According to Lynn Gastineau, owner of Gastineau Log Homes, it is wise to save some items until the end of construction. Basic necessities such as wells and septic tanks should be installed as the project winds down.

“That is a big problem I see,” she remarks, “people putting in their well and septic tank before they even start on their home. You do not need these things until you move into the house. Don’t tie up your money in something that you don’t need. Also, it is very important that you don’t put these in before you have your financing finalized. They will not increase the appraisal value of your land, and you many not have the cash to use toward your down payment. Plus, sometimes they will be damaged during the construction phase. The same thing goes for a storage building, garage, or barn on your property. They will never appraise for what they cost to build. Unless you are paying cash for the entire project, do not build them before you have financing completed.”

Most professionals acknowledge that the greatest source of potential headaches while designing and building a log home is the integrity of the budget. Operating without cost parameters is akin to walking the financial high wire without a net. Scrambling to cover a cost overrun by borrowing against or liquidating assets that were not a part of the plan is painful, not to mention going hat in hand to the lender and asking for more money.

“Not sharing true budget numbers with the log home supplier is difficult,” related Gastineau. “We can work with people to design a home that will fit their budget, but if they don’t or won’t tell us their budget constraints we cannot provide that guidance. We ask people how much they want to invest in the project. We discuss whether they want to do any of the work themselves or if it will be turnkey, so we can evaluate the total cost. When people discuss their ideas, if it is going to make the home out of their budget, we try to inform them and offer alternatives. We also provide worksheets to help them arrive at a budget for construction.”

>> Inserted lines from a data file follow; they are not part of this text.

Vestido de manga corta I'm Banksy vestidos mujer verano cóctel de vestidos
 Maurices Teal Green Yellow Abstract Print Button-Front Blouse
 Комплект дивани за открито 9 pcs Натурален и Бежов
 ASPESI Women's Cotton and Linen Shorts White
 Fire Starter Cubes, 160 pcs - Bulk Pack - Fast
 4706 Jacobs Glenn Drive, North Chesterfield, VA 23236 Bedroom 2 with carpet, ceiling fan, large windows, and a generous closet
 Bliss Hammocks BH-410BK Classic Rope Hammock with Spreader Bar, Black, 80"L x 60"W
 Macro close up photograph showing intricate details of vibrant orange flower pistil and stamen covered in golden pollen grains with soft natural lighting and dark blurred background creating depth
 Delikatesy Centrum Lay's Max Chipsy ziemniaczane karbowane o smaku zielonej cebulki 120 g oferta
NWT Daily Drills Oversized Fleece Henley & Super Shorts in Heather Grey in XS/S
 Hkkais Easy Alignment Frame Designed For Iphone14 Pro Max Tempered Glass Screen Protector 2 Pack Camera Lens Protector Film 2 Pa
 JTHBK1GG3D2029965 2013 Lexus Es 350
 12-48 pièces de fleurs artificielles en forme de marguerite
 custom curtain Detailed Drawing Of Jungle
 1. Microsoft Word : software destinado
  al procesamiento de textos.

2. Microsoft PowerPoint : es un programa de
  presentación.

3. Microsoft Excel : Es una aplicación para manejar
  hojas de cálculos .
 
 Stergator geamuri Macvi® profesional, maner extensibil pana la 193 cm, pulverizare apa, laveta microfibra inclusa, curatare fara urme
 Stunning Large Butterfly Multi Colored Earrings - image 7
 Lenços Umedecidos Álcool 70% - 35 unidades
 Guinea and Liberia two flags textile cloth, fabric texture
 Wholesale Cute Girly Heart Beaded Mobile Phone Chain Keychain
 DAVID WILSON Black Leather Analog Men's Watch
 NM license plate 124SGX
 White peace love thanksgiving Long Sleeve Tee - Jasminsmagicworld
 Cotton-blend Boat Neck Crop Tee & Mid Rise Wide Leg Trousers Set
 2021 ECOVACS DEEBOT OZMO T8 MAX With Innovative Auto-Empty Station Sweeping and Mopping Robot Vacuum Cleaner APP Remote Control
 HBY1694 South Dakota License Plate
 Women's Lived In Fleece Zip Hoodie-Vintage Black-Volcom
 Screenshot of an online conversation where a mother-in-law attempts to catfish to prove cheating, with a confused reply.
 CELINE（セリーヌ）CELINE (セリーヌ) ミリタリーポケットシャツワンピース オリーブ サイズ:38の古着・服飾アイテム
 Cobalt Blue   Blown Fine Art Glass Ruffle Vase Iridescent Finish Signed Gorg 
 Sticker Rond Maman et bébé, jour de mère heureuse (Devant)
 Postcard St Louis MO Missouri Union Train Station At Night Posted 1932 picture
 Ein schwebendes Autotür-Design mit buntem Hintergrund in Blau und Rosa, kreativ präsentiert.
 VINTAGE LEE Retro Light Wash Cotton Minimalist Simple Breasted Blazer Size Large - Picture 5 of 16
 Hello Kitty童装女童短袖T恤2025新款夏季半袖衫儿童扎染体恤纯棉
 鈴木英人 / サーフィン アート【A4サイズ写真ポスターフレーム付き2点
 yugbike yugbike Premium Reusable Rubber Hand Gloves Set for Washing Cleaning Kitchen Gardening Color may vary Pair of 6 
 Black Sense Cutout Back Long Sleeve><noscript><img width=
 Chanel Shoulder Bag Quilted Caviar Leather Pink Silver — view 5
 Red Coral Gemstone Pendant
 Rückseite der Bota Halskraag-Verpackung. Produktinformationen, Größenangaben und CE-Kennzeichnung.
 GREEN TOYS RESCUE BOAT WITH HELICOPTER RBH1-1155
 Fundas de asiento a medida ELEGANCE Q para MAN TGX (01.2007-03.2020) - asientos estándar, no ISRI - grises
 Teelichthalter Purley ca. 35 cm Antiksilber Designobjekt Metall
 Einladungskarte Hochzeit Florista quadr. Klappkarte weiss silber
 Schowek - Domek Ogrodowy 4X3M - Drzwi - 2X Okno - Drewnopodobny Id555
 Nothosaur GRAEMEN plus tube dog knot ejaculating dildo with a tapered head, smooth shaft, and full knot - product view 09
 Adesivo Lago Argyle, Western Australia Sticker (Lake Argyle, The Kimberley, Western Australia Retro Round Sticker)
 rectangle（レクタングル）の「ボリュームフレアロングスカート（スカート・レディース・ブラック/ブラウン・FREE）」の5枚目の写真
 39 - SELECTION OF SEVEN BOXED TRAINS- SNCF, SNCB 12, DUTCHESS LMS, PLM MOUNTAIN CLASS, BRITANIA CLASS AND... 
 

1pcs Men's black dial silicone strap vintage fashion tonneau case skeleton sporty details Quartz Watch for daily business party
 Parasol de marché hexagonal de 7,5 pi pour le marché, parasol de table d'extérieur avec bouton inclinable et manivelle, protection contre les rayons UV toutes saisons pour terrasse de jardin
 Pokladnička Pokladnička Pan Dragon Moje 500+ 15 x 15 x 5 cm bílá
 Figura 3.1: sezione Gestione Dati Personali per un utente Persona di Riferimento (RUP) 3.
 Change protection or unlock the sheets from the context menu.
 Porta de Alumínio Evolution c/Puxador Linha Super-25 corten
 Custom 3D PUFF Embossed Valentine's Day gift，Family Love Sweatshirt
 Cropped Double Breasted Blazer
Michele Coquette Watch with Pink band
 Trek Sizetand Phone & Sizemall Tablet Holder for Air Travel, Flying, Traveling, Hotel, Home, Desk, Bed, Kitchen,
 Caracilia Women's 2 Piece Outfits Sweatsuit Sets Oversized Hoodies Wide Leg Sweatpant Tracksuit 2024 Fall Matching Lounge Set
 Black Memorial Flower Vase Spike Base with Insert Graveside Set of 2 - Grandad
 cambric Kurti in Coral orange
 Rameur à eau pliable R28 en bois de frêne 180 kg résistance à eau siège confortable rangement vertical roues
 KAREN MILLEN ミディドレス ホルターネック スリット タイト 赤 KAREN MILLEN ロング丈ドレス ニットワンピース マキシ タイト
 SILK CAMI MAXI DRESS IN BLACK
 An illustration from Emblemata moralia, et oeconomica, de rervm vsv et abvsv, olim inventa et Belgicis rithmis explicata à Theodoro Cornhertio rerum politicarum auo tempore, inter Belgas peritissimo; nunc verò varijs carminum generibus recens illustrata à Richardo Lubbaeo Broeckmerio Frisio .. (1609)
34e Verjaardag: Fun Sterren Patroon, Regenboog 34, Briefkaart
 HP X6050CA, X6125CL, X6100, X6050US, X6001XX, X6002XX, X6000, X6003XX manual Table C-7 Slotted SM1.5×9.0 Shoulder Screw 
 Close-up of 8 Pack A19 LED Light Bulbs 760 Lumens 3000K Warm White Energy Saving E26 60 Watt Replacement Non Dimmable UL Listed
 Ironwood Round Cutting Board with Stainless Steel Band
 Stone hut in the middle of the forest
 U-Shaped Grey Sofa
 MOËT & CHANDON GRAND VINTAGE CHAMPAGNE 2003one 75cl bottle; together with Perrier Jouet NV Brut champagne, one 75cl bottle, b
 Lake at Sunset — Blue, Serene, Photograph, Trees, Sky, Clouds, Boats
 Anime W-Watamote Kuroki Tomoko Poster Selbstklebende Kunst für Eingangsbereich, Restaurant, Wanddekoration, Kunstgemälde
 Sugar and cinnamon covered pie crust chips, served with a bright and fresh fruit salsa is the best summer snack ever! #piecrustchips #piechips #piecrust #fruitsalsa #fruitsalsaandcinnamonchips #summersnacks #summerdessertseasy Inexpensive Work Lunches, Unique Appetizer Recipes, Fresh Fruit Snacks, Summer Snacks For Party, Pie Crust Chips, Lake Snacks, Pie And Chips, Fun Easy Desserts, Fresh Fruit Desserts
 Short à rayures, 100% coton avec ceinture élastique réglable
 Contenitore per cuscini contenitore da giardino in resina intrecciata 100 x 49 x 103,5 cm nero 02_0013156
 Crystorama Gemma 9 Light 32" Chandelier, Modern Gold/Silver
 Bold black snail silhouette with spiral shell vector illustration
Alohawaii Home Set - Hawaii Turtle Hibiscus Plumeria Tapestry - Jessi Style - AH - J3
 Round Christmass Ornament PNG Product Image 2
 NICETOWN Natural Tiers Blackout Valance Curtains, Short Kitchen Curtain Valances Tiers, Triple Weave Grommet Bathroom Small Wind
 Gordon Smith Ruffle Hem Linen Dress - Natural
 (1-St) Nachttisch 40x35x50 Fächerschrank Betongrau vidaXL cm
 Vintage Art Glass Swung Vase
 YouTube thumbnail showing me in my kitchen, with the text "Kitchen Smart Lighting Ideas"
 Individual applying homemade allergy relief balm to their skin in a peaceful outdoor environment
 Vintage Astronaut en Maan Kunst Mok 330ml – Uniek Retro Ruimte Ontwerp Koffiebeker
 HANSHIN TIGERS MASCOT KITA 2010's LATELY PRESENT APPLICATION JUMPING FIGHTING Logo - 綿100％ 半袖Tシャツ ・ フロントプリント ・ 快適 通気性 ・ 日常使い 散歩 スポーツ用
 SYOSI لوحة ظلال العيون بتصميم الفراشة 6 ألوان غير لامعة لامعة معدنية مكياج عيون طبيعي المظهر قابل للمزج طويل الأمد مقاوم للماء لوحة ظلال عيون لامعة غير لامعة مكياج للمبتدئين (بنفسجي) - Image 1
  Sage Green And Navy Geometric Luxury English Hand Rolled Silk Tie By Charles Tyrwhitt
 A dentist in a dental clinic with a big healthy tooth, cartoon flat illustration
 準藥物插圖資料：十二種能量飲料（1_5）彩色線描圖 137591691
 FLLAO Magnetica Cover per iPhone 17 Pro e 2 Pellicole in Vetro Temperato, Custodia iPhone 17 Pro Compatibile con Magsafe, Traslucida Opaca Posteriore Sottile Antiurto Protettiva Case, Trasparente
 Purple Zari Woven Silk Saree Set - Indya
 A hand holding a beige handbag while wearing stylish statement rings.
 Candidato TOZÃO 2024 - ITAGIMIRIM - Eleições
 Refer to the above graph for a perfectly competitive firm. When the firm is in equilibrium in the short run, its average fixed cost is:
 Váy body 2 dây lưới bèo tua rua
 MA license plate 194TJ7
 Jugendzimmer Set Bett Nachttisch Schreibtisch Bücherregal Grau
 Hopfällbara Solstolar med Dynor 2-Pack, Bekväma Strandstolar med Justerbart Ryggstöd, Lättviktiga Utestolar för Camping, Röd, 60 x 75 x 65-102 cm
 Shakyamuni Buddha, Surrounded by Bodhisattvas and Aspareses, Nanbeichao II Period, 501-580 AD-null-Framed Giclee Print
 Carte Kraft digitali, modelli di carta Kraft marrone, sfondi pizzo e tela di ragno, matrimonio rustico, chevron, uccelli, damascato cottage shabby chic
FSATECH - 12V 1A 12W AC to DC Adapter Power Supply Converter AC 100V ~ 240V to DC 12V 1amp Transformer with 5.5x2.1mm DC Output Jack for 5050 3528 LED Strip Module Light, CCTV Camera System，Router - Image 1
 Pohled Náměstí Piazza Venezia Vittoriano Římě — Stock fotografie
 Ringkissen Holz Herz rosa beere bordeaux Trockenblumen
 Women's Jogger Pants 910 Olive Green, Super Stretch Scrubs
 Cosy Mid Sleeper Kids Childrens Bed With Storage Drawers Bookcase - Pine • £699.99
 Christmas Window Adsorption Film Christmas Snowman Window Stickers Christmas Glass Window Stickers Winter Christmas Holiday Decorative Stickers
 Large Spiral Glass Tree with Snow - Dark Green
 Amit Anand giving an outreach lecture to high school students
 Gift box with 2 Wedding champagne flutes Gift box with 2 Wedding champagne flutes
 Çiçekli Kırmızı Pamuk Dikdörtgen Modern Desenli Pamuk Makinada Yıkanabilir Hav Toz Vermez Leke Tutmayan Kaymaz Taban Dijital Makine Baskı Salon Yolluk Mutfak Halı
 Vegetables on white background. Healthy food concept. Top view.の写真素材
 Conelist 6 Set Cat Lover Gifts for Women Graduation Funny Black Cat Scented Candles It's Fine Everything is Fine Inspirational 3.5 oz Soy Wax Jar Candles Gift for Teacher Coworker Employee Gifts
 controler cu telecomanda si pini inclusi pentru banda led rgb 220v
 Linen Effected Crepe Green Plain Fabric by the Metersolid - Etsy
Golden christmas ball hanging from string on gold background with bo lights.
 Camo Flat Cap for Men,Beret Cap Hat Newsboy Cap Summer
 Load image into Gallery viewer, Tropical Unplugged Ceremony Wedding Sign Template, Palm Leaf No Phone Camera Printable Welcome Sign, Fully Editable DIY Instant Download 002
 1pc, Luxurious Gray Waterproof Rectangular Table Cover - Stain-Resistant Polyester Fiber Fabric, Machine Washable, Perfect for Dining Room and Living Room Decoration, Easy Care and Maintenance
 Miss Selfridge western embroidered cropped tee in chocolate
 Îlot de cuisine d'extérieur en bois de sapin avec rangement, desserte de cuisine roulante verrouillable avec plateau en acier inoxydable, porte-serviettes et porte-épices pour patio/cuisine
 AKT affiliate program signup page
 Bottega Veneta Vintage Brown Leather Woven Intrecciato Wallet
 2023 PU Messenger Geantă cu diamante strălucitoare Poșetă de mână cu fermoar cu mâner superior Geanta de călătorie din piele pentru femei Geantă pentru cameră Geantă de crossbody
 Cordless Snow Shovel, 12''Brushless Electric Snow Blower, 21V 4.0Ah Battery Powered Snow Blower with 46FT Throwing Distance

Once a budget is prepared, the challenge becomes staying within it. Several seemingly minor alterations or upgrades can become one major dollar amount and balloon into a dangerous situation.

“Prepare a proper budget and then stick with it,” offers Carter. “Construction is not an exact science, so there are always variations, even in the well-prepared budget. The biggest pitfall is in the budgets that have been allowed for finish-out materials and labor, such as trim, appliances, cabinets, and others, and that gets people into trouble. It is easy to say, ‘I can afford that extra $100 to $1,000 here and there.’ Then, when they get to the end of the job, they wonder why they are over budget by five figures or more.”

For those who embark on the journey of log home construction, finding good partners is essential. Ask questions. Compare products and services. Find the professionals—architect, log home package provider, general contractor—that instill confidence. Neu tells clients to plan around three basic principles. “Design for your lifestyle, for your building site, and don’t forget your budget. You are going to be paying for a custom home. Make it yours!”

Beyond the basics, a few additional tips are worthwhile. Experience has proven that regular visits by the owner to the construction site can catch potential problems early. Pay attention to detail, such as proper weatherization around doors and windows to prevent drafts or insect problems. Remember that in some cases paying up for quality materials can prevent maintenance issues in the future. When financing is in the picture, deal with a consultative banker who is willing to take the time to explain the complexities of borrowing money.

Designing and building a log home takes time, money, and patience. Expect anxious moments, but remember to enjoy the ride as much as possible. Then, relax and embark on that rewarding log home lifestyle.